*WHAT YOU ARE ASKED TO DO:*
With the pictures left out, copy the listing below exactly.

*DATASET SECTION:*
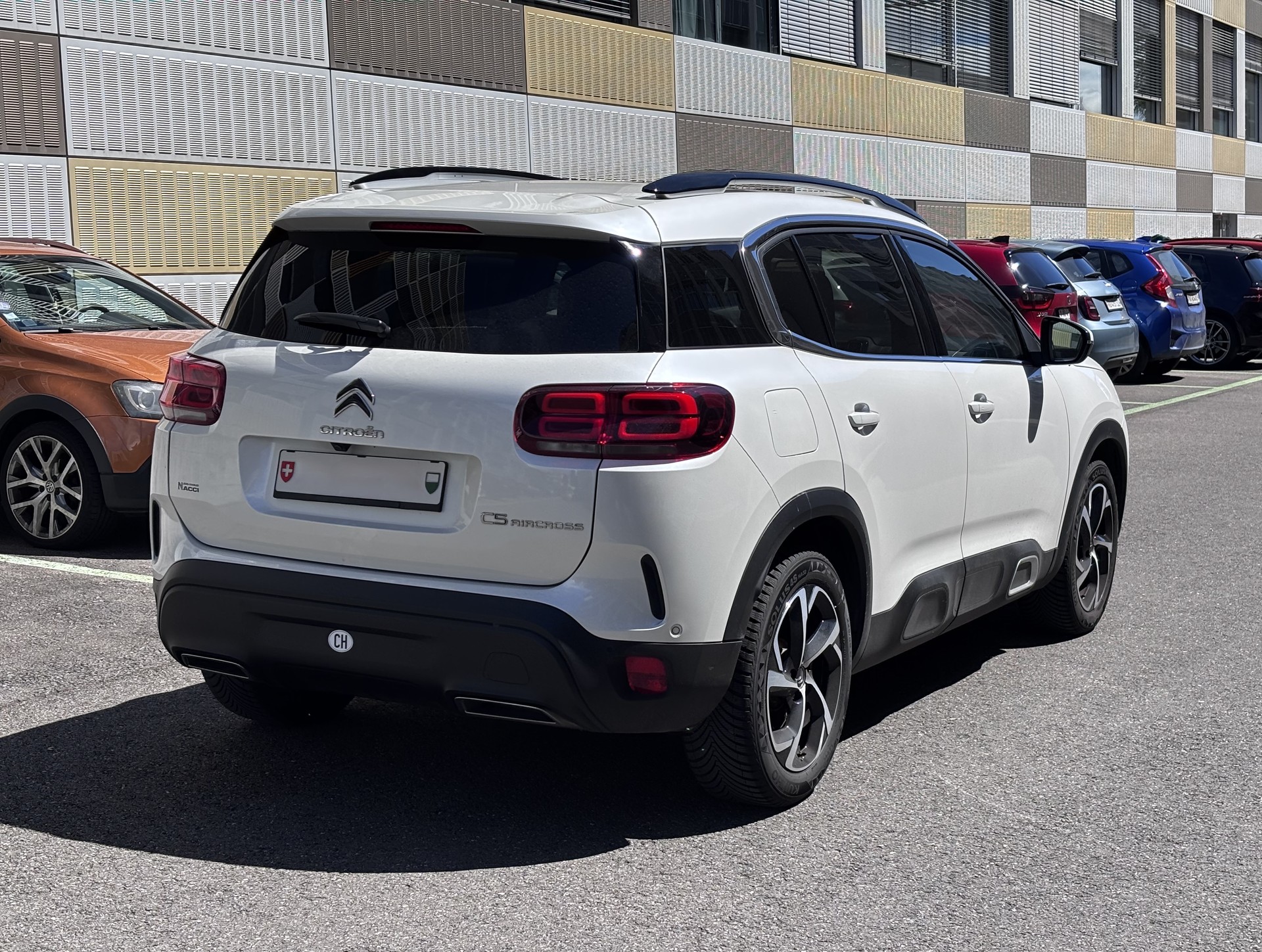 CITROEN C5 Aircross 1.5 BlueHD Shine EAT8-image-3
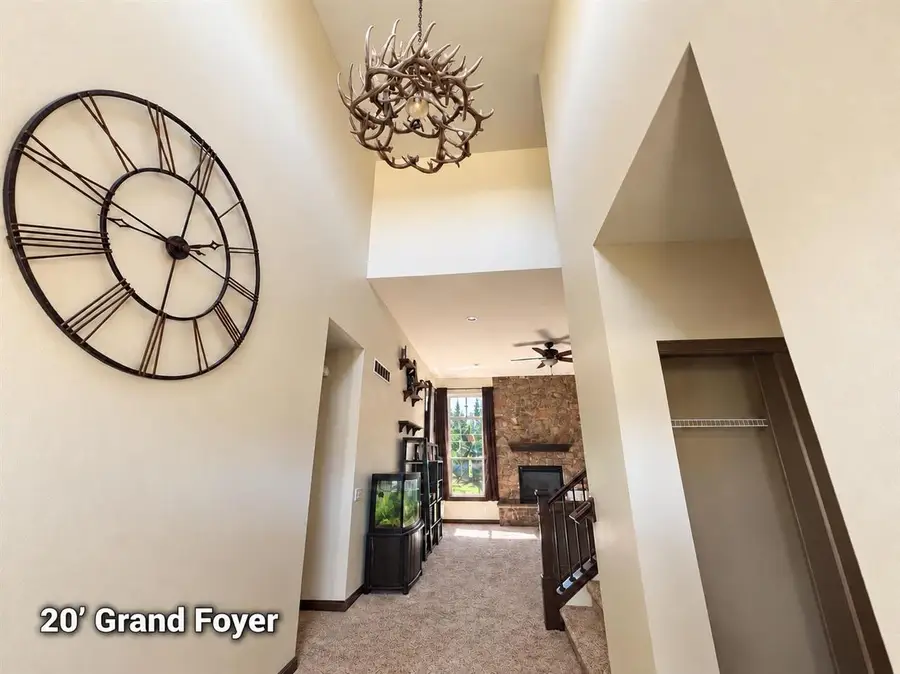 9365 Feather Ridge Way, Cedar Rapids, IA 52411 - #3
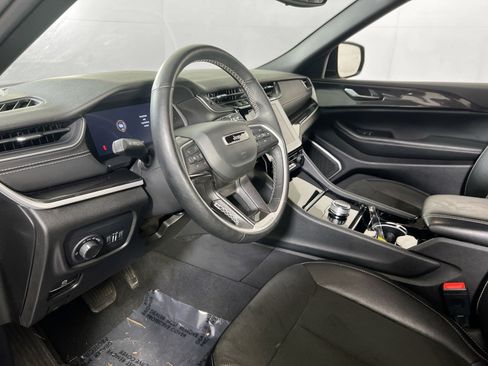 Used 2022 Jeep Grand Cherokee Altitude image 9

*RESPONSE TO THE TASK:*
 CITROEN C5 Aircross 1.5 BlueHD Shine EAT8-image-3
 9365 Feather Ridge Way, Cedar Rapids, IA 52411 - #3
 Used 2022 Jeep Grand Cherokee Altitude image 9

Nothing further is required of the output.